As a Calvinistic Southern Baptist, it dawned on me recently how crabbed we sound when synthesizing our understanding of God's sovereignty, or decretive will, with historical pessimism.
Over the course of several brief posts, I would like to consider how our understanding of God's sovereignty, Christology, and Pneumatology should provide a framework for historical optimism.
First, let us consider some basic purposes of the Father. God has promised to bless the nations and all families of the earth. "Now the LORD said to Abram, 'Go from your country and your kindred and your father's house to the land that I will show you. And I will make of you a great nation, and I will bless you and make your name great, so that you will be a blessing. I will bless those who bless you, and him who dishonors you I will curse, and in you all the families of the earth shall be blessed'" (Gen. 12:1-3)
Second, the Father has promised to establish His Son's Kingdom over the whole earth (see Ps. 110).
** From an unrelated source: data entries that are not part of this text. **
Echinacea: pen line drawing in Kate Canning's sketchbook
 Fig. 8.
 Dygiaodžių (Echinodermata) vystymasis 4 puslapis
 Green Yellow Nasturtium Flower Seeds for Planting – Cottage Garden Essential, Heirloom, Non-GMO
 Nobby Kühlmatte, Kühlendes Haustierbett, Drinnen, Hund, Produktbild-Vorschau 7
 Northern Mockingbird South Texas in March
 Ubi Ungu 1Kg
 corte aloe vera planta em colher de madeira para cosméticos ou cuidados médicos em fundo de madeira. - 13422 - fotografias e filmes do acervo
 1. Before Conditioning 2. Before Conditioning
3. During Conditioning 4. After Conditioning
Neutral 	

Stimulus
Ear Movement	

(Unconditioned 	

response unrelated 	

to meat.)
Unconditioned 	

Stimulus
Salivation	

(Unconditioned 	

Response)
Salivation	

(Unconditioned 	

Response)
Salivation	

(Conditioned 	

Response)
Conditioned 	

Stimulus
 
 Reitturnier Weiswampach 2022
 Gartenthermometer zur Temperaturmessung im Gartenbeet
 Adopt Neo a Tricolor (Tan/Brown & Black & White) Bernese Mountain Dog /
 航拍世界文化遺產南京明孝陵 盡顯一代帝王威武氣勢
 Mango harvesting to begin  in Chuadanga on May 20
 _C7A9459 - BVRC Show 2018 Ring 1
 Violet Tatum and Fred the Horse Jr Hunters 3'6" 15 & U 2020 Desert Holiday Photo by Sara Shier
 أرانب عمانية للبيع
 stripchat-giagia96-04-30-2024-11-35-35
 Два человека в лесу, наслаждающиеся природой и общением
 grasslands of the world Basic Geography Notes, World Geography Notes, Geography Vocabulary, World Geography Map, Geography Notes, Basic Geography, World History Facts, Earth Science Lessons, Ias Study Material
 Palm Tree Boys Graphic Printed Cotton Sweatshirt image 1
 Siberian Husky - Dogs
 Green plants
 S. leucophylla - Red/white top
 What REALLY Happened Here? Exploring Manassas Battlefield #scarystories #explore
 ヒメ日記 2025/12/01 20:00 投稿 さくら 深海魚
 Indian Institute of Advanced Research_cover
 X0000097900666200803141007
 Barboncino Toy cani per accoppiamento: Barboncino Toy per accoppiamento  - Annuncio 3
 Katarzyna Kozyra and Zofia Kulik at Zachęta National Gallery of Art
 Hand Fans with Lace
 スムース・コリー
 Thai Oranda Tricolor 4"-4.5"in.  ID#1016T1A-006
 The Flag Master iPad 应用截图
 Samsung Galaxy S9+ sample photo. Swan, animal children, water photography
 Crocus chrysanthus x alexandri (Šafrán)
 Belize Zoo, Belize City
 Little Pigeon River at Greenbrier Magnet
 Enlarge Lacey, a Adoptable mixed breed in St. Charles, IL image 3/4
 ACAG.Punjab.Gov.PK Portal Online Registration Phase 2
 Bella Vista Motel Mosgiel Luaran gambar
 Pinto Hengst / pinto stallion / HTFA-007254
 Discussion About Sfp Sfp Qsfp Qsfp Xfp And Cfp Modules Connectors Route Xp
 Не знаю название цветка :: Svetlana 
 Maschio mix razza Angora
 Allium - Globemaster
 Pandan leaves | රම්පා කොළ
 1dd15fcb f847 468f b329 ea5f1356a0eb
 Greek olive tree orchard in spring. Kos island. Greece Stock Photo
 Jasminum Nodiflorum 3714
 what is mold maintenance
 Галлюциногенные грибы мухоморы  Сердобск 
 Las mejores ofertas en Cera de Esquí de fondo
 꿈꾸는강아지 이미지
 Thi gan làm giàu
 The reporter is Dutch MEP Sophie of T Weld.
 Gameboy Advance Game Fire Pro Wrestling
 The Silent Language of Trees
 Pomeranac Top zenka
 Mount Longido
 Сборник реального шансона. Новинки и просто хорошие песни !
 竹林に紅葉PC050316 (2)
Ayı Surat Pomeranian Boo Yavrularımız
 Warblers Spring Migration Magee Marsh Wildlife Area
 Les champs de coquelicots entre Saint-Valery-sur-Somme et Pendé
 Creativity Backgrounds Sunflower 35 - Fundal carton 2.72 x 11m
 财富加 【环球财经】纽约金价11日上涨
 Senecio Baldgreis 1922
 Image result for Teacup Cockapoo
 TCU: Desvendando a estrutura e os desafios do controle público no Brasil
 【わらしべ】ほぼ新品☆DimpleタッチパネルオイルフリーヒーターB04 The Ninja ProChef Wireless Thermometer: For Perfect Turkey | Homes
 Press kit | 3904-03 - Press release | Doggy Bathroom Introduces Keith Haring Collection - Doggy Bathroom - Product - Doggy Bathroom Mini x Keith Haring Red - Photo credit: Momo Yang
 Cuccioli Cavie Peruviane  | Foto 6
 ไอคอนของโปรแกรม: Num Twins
In Daniel 2, we read, "God of heaven will set up a kingdom that shall never be destroyed, nor shall the kingdom be left to another people. It shall break in pieces all these kingdoms and bring them to an end, and it shall stand forever."
Through Christ, the Kingdom of God comes to fruition. According to Isaiah there will be no end to the increase of His government, and from His throne justice and righteousness will be established and upheld.
We also know some other things about God’s attributes. In His dealings with man, God is gracious and merciful. "The LORD is gracious and merciful, slow to anger and abounding in steadfast love" (Ps. 145:8). Similarly, God takes no pleasure in the death of the wicked. "For I have no pleasure in the death of anyone, declares the Lord GOD; so turn, and live" (Ezek. 18:32; see also Ezek. 18:23).
On the other hand, we also know that God decrees EVERYTHING that comes to pass for His glory and pleasure (see Eph. 1:3-14). According to the London Baptist Confession (1689), "God hath decreed in himself, from all eternity, by the most wise and holy counsel of his own will, freely and unchangeably, all things, whatsoever comes to pass."
Does God’s decretive will, expressed above, come into conflict with his graciousness toward men? The primary eschatological approaches of the day, which tend toward historical pessimism, typically posit that the vast majority of mankind will be lost. But if God does not take pleasure in the deaths of men, why would he foreordain to punish the majority of them?
More to come...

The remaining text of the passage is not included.